Assemblyman Joseph Lagana on Wednesday announced that he plans to introduce legislation aimed at protecting taxpayers by prohibiting New Jersey governors from using public money to fund political travel.
“No elected leader should be permitted to use the taxpayers’ hard-earned money as a political piggy bank,” said Lagana (D-Bergen/Passaic). “The people of New Jersey are practical enough to understand that there are certain costs naturally associated with the official business of being the state’s chief executive, but they also have a reasonable expectation that those costs be assessed judiciously and that public funds be used explicitly for their intended purpose.”
The measure would prohibit a New Jersey governor from using public funds for expenses incurred during out-of-state travel not related to the governor’s regular and official duties. Travel, food, lodging, security or any other expenses incurred while the governor engages in political activities outside of New Jersey would not be eligible for payment or reimbursement with taxpayer dollars under the legislation.
“If a governor wants to pursue political interests and, for example, requires security, fiscal responsibility dictates that it should be the governor or the affiliated campaign, not the taxpayers, who foots the bill,” said Lagana. “By clearly outlining a protocol for covering the cost of out-of-state political activity as well as a process for dealing with related complaints, this legislation will help maintain the integrity of the governor’s office in New Jersey.”
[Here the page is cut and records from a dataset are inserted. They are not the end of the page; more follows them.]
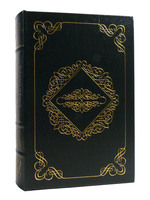 In Pursuit of Reason: the Life of Thomas Jefferson Easton Press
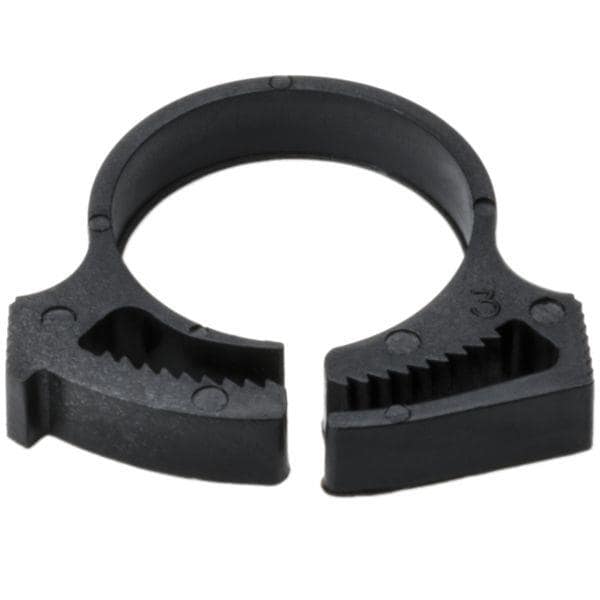 SNP16GHS0M4 | 일렉컴포 - 150만개의 전자 전기 부품 유통전문 쇼핑몰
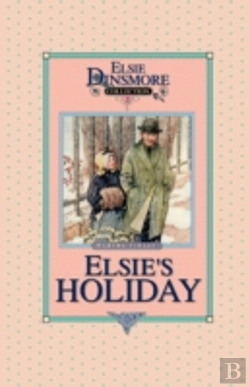 Bertrand.pt - Holidays At Roselands, Book 2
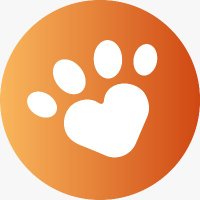 DIERVRIENDELIJK NEDERLAND * Est. 1989 (@dierisvriend) 's Twitter Profile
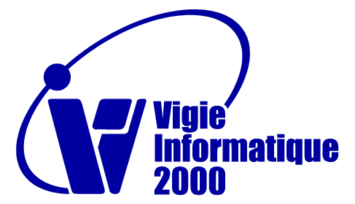 Vigie Informatique 2000 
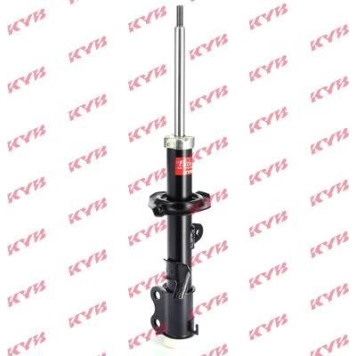 KYB 332148 Stoßdämpfer Vorne rechts Excel-G KYB 332148 Stoßdämpfer Vorne rechts Excel-G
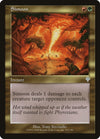 Image for Simoon (Invasion) (272) - Magic: The Gathering
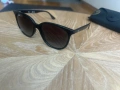 Ray Ban слънчеви очила, снимка 4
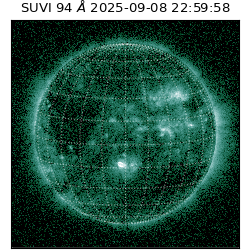 suvi - 2025-09-08T22:59:58.435000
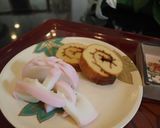 2010年おせち作り方4写真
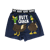 Butt Quack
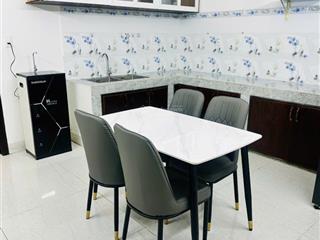 Chủ gởi bán căn đỗ lửng kiệt ôtô chế lan viên ngủ hành sơn tpđn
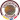 Vinotinto de Ecuador
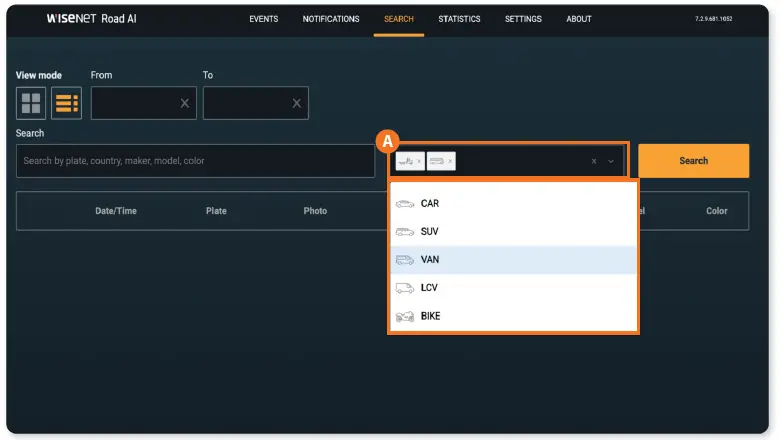 Hanwha-Techwin-Wisenet-Road-AI-Application-14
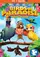 Birds of Paradise poster thumbnail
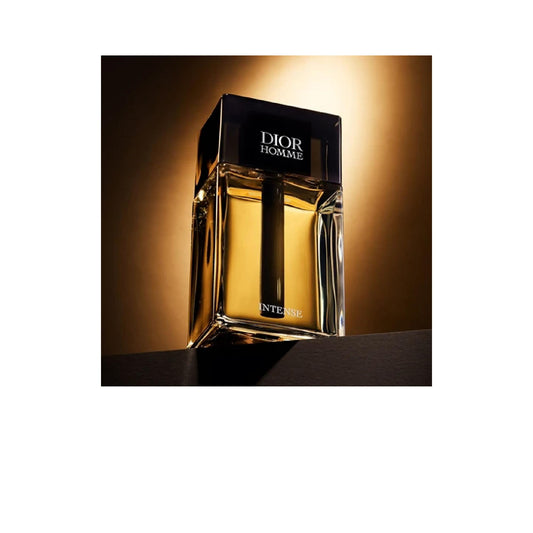Dior Dior Homme Intense Eau De Parfum For Men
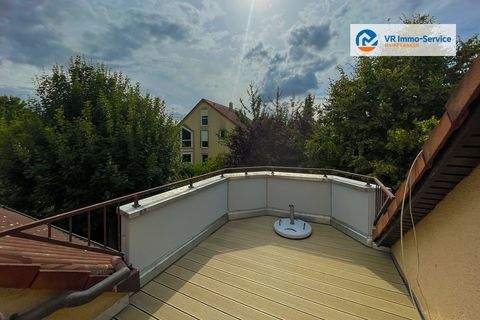 Würzburg / Lengfeld Wohnungen, Würzburg / Lengfeld Wohnung kaufen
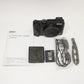 中古 Nikon COOLPIX A1000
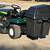 SOLD - 2004 Craftsman LT1000 42” Riding Lawnmower 7 thumbnail
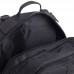 Рюкзак-сумка тактична SILVER KNIGHT TY-119 30л кольори в асортименті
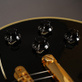 Gibson Les Paul Custom 54 Reissue (1992) Detailphoto 15
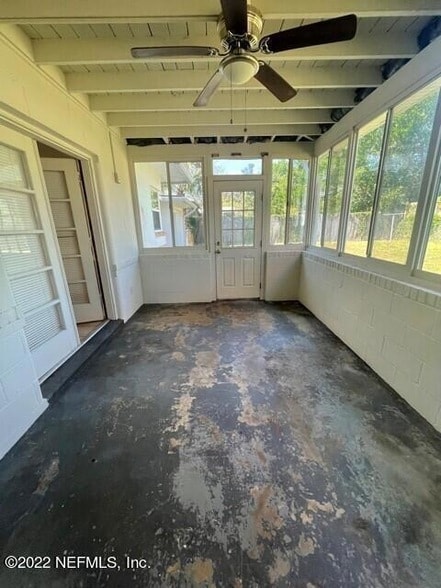 Building Photo - 4737 Blount Ave
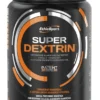 Integratore EthicSport Super Dextrin energetico, 700g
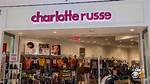 Charlotte Russe to Close Remaining Stores, 'Going out of Business' Sale Begins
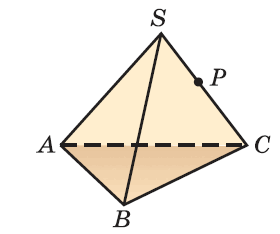 0801azzz-d827-280x234.png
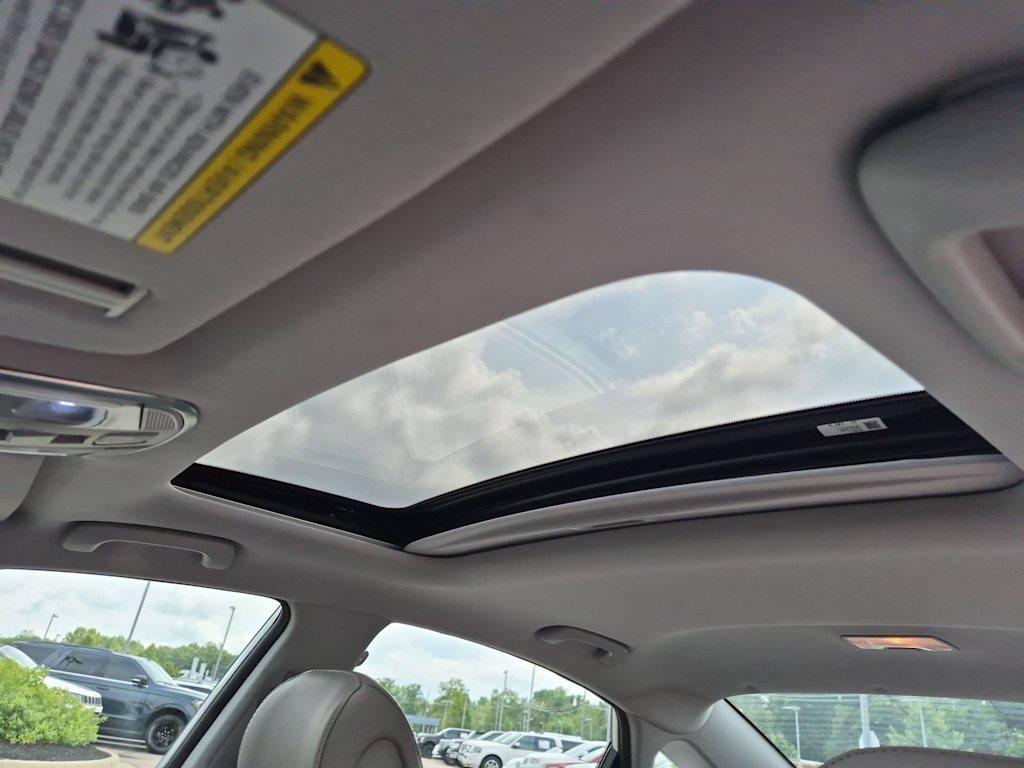 Thumbnail: 2016 Hyundai Sonata - 27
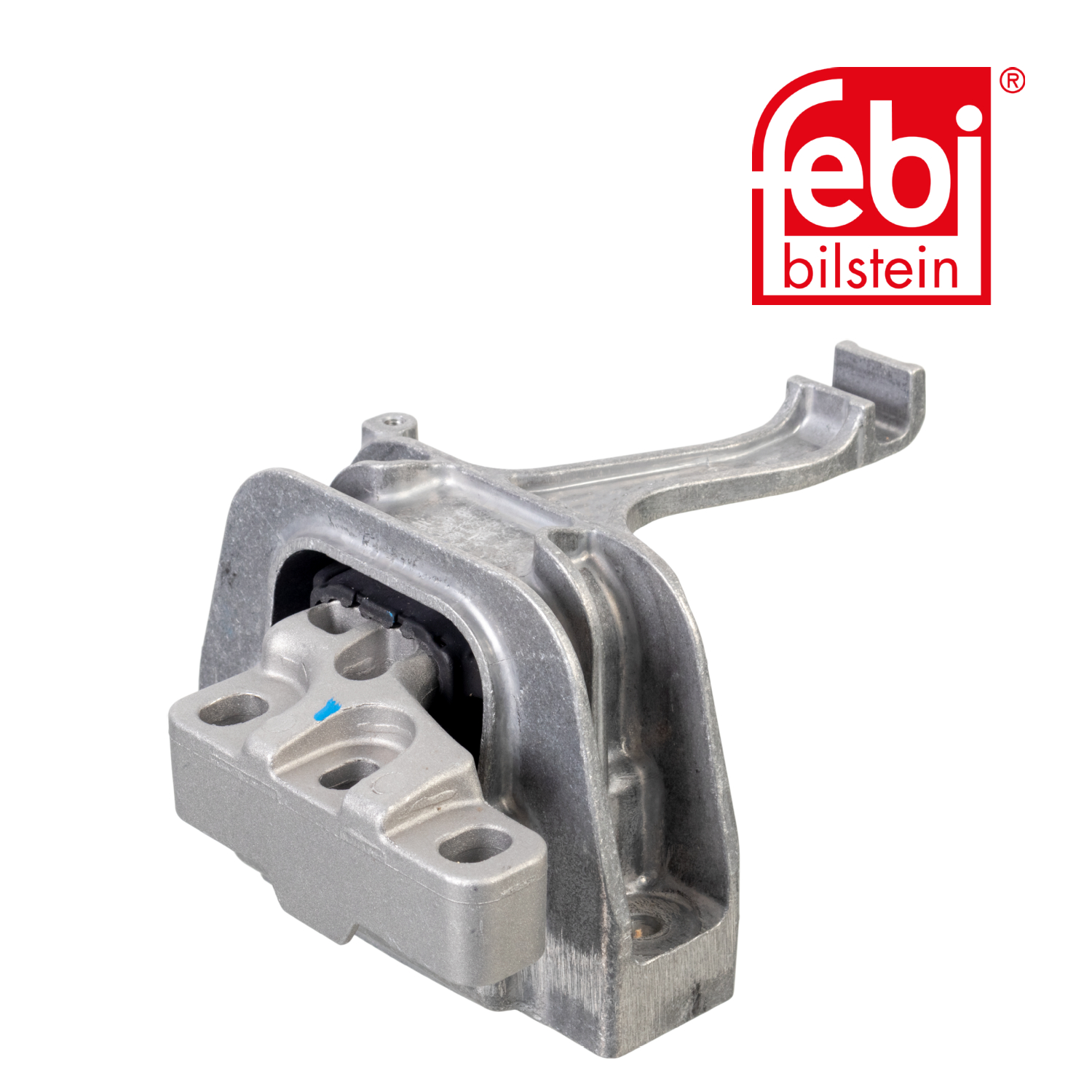 Febi Engine Mount Mounting Right 176129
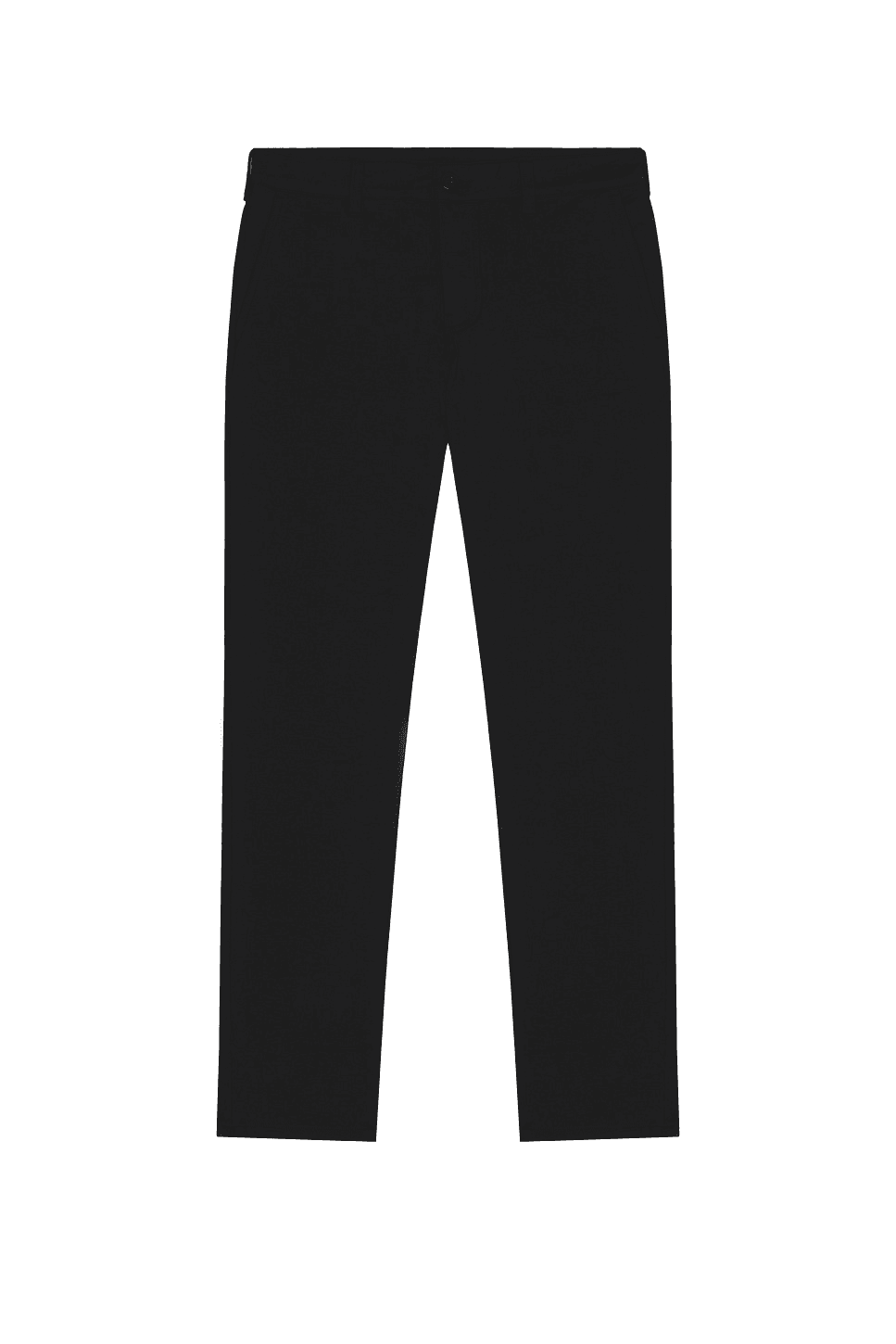 Legacy Stretchknit Pant - Image 1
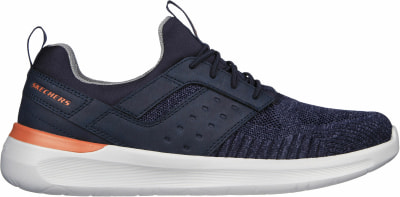 Skechers Lattimore - Radium Trainingsschuhe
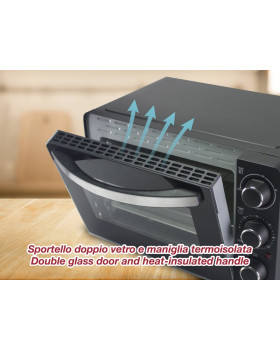 Beper P101FOR020-foto4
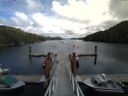 ./images/calvert/dock/20140816/dock20140816_135002.jpg
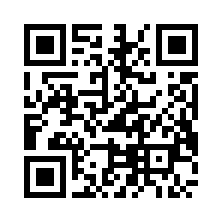 QR Code for 161DLTAXpitfki9xGzHu2MbzoiVJPVcuce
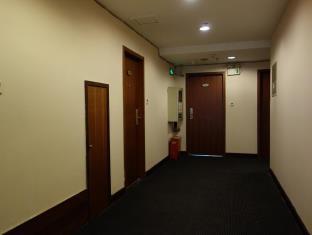 Fotos del hotel - HANTING HOTEL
Under the bill, the governor would be required to submit a notice describing the date, destination and purpose of an out-of-state trip that involves political activities to the State Ethics Commission within 10 business days after traveling.
Additionally, the legislation would require the commission to investigate complaints regarding activity by the governor that is political and not directly related to the governor’s regular and official duties.
The measure would take effect on the 60th day following the date of enactment.